Österreich hinkt bei Datenschutz hinterher
Datenschutzfallen lauern im Netz an jeder Ecke – für Unternehmen gleichermaßen wie für die Nutzer selbst. Besonders aktuell ist das Thema in Social Networks, die immer mehr Nutzer, aber auch immer mehr werbetreibende Firmen anlocken. Der Rechtsexperte Günther Leissler, Anwalt bei der Kanzlei Schönherr, spricht im futurezone-Interview über die Datenschutz-Problematik in den sozialen Netzen, Bewusstseinsbildung und Nachholbedarf in Österreich.
futurezone: In welchen gesetzlichen Rahmen fallen Social Networks überhaupt, welches Recht kommt hier zur Anwendung?
Günther Leissler: Eine berechtigte Frage, die Bücher füllen könnte. Viele Wege können zur Anwendung des österreichischen Datenschutzrechts führen. Wenn der Provider außerhalb der Europäischen Union sitzt, aber einzelne Tools wie zum Beispiel Cookies verwendet werden, gilt das Recht jenes Landes, in dem der User sitzt. Komplizierter wird es wieder, wenn es europäische Niederlassungen gibt, dann kommt das Recht jenes Landes zur Anwendung, in dem der Anbieter sitzt. Einheitliche Rahmenbedingungen gibt es nicht, grundsätzlich kommt aber mehrheitlich das österreichische Datenschutzrecht bei österreichischen Nutzern zur Anwendung.
Das heißt vereinfacht, jeder Fall muss derzeit einzeln beurteilt werden?

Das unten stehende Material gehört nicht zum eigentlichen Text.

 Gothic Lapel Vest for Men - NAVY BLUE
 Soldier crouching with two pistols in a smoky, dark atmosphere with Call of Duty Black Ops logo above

Ja. Es handelt sich bei Verstößen immer um eine Einzelfallbeurteilung. Das österreichische Datenschutzrecht ist hier ganz klar veraltet und nicht an die Bedürfnisse beispielsweise sozialer Netzwerke angepasst. Diskutiert wird über Neuerungen viel, allerdings ist der Gesetzgeber immer hinten nach. Gerade Social Networks werden eine Neuerung des Rechtsrahmens letztlich aber unabdingbar machen, weil hier der einzelne User zentral in den Mittelpunkt rückt.
Gibt es denn Ländern, die in diesem Punkt Vorbildwirkung haben, die Österreich beim Datenschutz voraus sind?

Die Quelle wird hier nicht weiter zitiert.